## Records provided
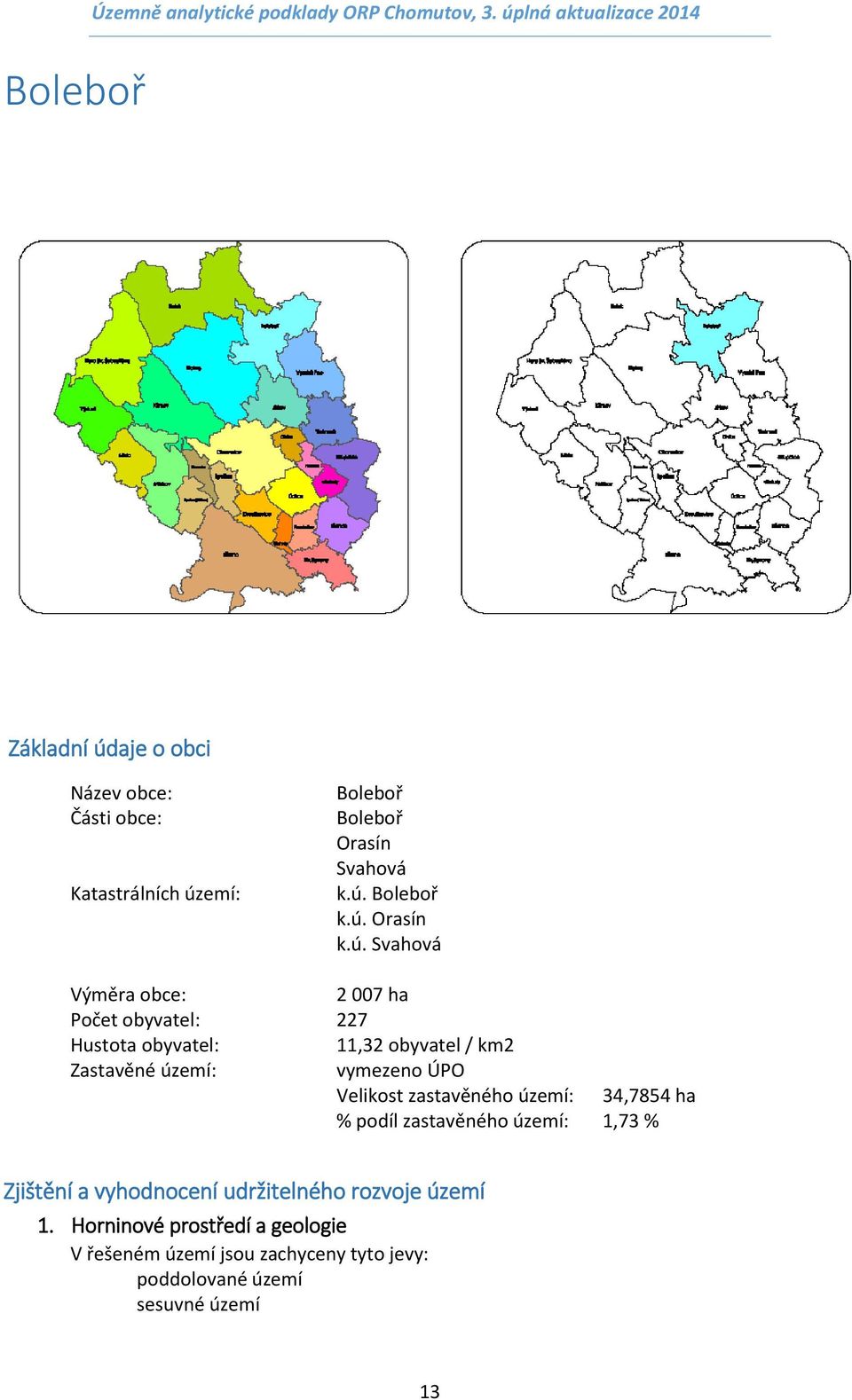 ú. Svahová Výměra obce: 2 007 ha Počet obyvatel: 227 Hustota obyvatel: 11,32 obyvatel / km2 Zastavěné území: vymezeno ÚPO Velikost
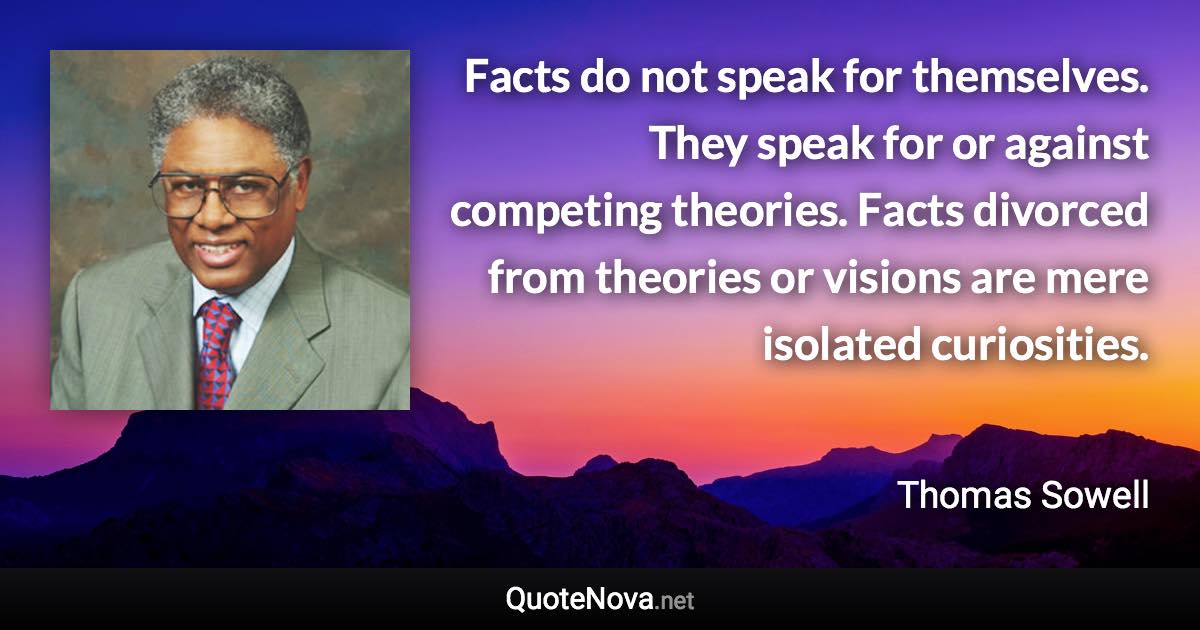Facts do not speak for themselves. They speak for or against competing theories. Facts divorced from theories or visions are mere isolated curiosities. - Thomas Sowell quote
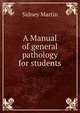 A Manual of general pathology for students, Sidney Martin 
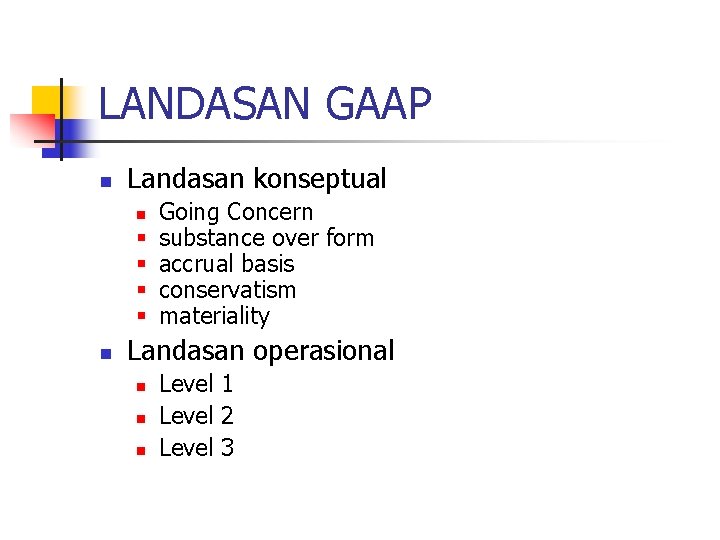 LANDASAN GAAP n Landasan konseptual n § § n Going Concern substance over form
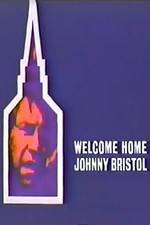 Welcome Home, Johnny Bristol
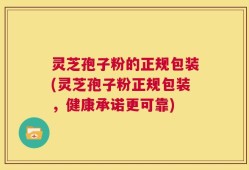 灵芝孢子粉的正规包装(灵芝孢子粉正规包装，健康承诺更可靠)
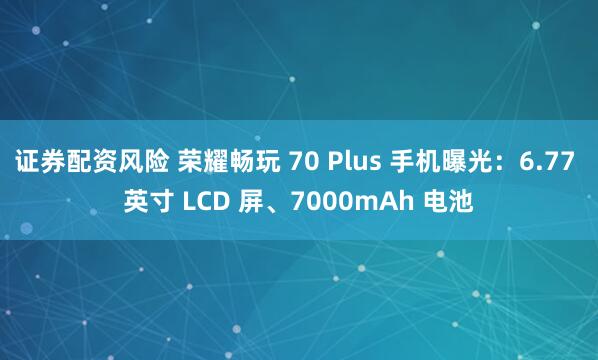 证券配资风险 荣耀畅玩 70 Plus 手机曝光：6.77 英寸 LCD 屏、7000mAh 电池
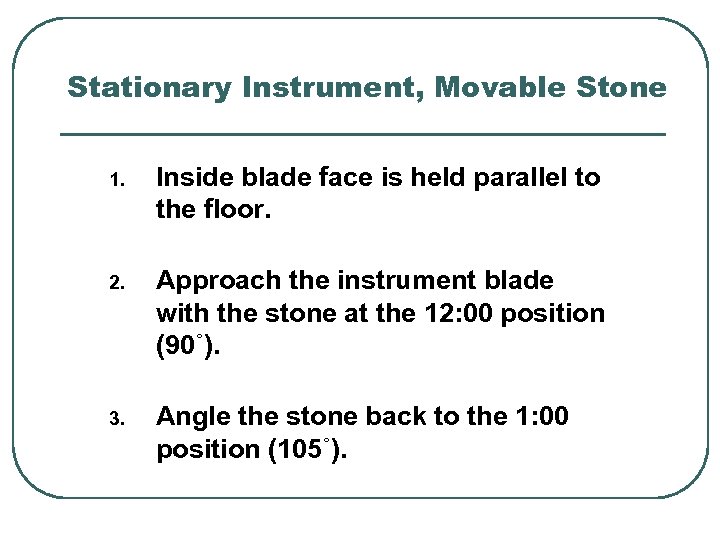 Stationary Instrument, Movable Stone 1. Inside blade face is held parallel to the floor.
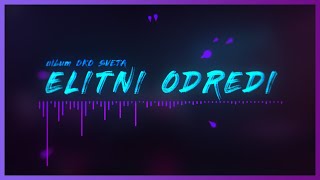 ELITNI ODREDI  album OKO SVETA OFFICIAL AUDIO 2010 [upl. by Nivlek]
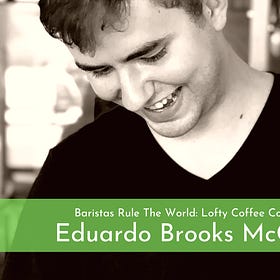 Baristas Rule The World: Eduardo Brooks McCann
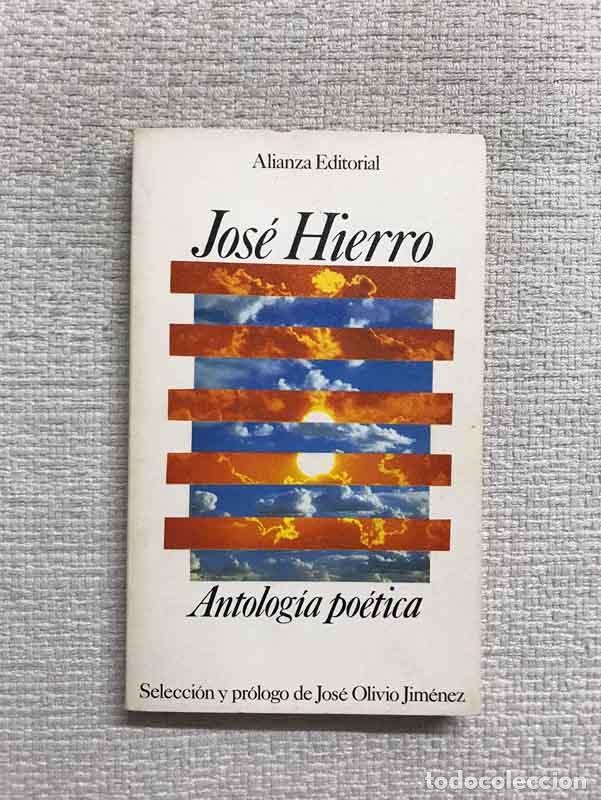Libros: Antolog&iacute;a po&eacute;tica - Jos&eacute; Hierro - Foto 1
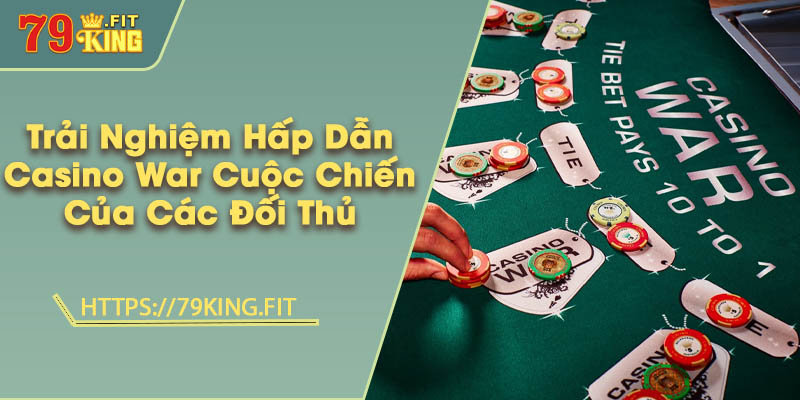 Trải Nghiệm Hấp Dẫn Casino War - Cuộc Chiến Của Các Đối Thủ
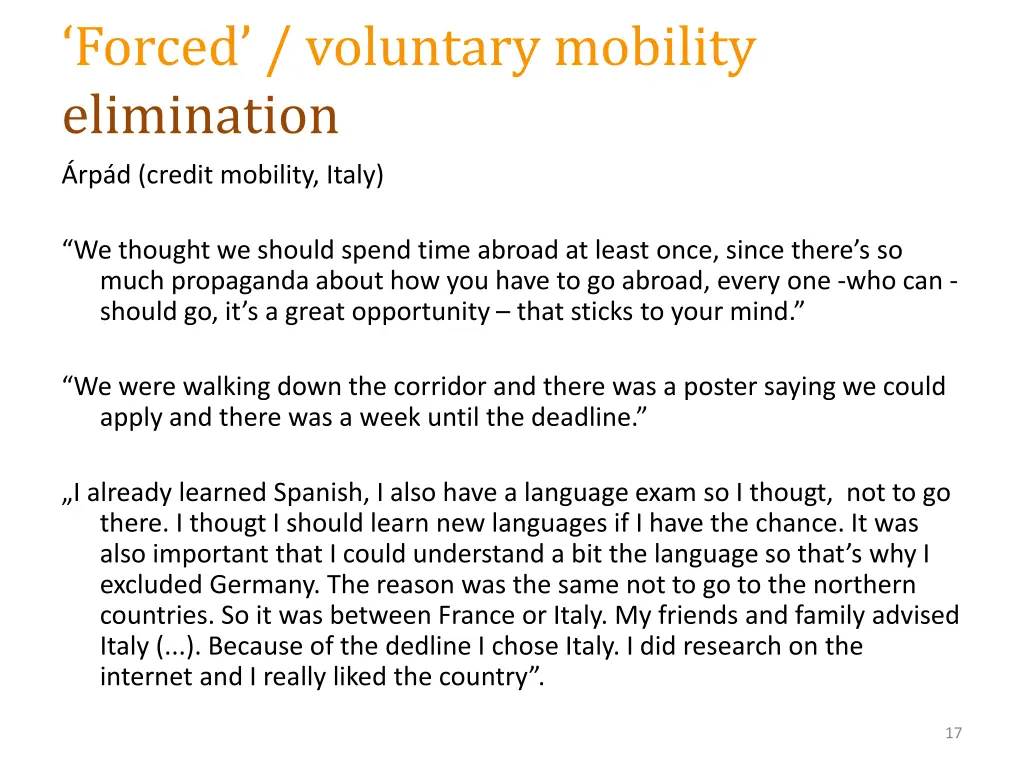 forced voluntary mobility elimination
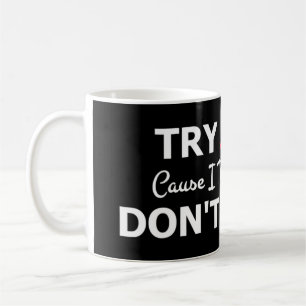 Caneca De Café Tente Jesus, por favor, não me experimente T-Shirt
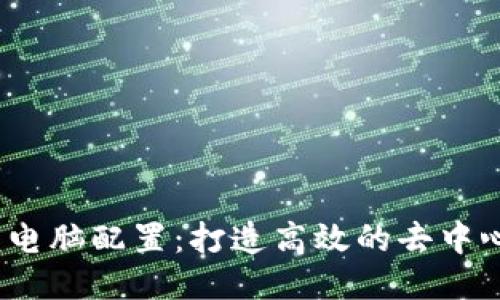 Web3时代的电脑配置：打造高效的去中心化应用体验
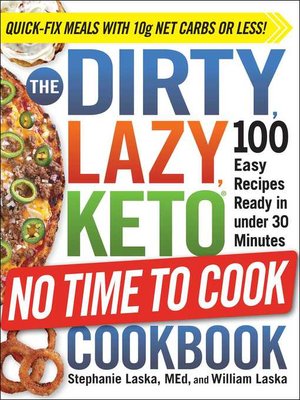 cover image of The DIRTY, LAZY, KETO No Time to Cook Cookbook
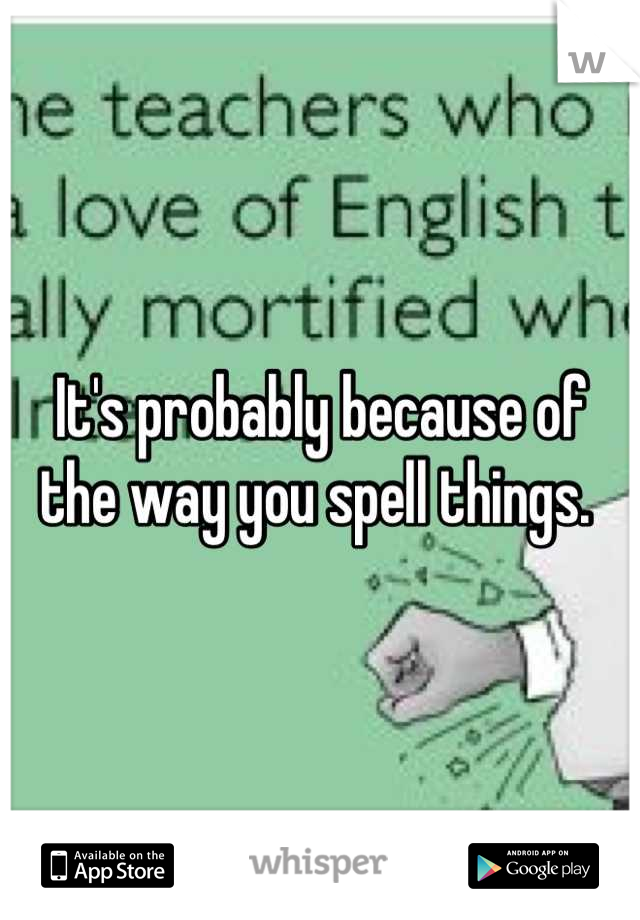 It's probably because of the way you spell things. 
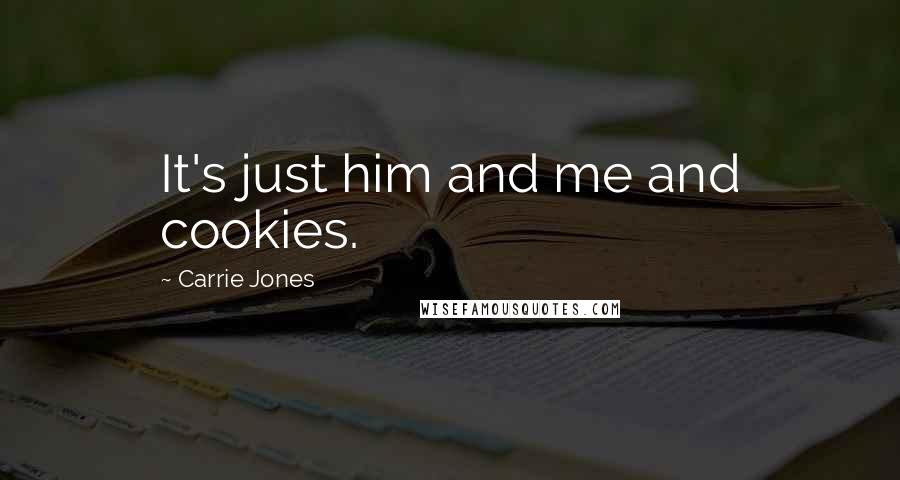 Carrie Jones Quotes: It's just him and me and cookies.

## Exercise brief
Nothing but an exact transcription of the material, without pictures, should be returned.

## Exercise output
 ú. Svahová Výměra obce: 2 007 ha Počet obyvatel: 227 Hustota obyvatel: 11,32 obyvatel / km2 Zastavěné území: vymezeno ÚPO Velikost
Facts do not speak for themselves. They speak for or against competing theories. Facts divorced from theories or visions are mere isolated curiosities. - Thomas Sowell quote
 A Manual of general pathology for students, Sidney Martin 
 LANDASAN GAAP n Landasan konseptual n § § n Going Concern substance over form
 Welcome Home, Johnny Bristol
 灵芝孢子粉的正规包装(灵芝孢子粉正规包装，健康承诺更可靠)
 证券配资风险 荣耀畅玩 70 Plus 手机曝光：6.77 英寸 LCD 屏、7000mAh 电池
 Stationary Instrument, Movable Stone 1. Inside blade face is held parallel to the floor.
 ELITNI ODREDI  album OKO SVETA OFFICIAL AUDIO 2010 [upl. by Nivlek]
 Baristas Rule The World: Eduardo Brooks McCann
Libros: Antolog&iacute;a po&eacute;tica - Jos&eacute; Hierro - Foto 1
 Trải Nghiệm Hấp Dẫn Casino War - Cuộc Chiến Của Các Đối Thủ
 forced voluntary mobility elimination
 Caneca De Café Tente Jesus, por favor, não me experimente T-Shirt
 Web3时代的电脑配置：打造高效的去中心化应用体验
 cover image of The DIRTY, LAZY, KETO No Time to Cook Cookbook
 It's probably because of the way you spell things. 
 Carrie Jones Quotes: It's just him and me and cookies.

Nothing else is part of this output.